In 1952, Spokane opened its fourth drive-in movie theater at the North Division Y. It was just a few years after the first drive-in on East Sprague opened in 1949. In the 1950's business was good for drive-ins. At theaters like the Y, theater owners could cram up to 700 paying customers for each film.
The drive-in theater was the perfect past time for 1950's Americans, who were equally obsessed with automobiles and film. By 1960 there were more than 5,000 drive-ins in the United States. Notable films that played at The North Division Y Drive-In over the years included "Country Girl" with Bing Crosby and Grace Kelly, "Heller in Pink Tights" with Sophia Loren. Attendance began to drop later that decade, with the rise of television and other competing entertainments.
Theater owners often tried to boost attendance with racy fare, and the drive-in at the Y soon had a reputation for specializing in movies such as "Atom Age Vampire" and "Sex Kittens Go to College."
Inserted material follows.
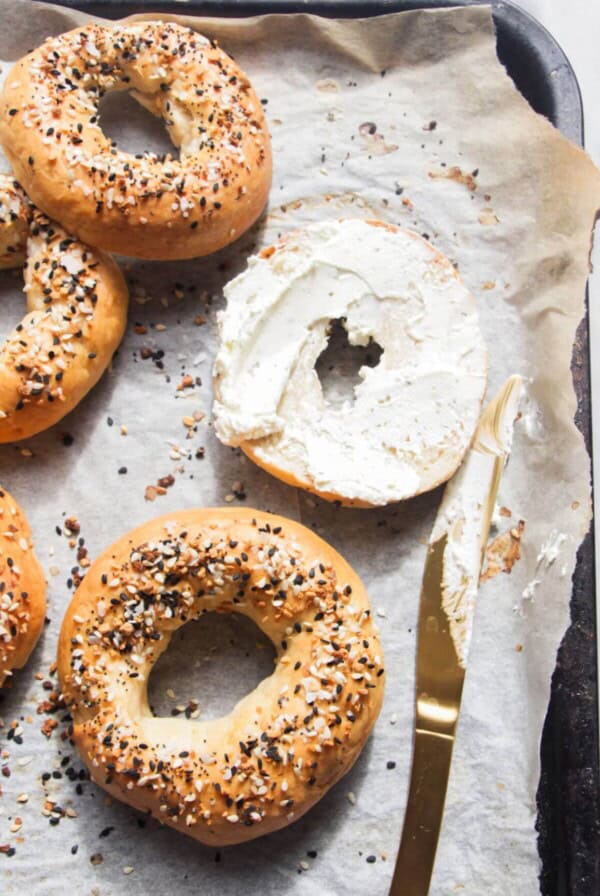 2 ingredient Greek yogurt bagels on a lined oven tray.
Spokane City Councilwoman Marilyn M. Stanton referred to the drive-in as "the hottest place in town," and noted that many teenagers planted themselves on a nearby hillside to watch the racy films. Stanton lobbied to ban the films but little was done, aside from a warning issued by the City Corporation Council asking Spokane to "clean up its ordinance."
When church-sponsored court charges were brought against the theater for "corrupting the moral fiber of the youth," commission members shot it down. They had "no legal power to stop the films."
The drive-in theater as an American Institution eventually went "the way of the silent film" by the 1990s. Spokane's last drive-in closed in 1994.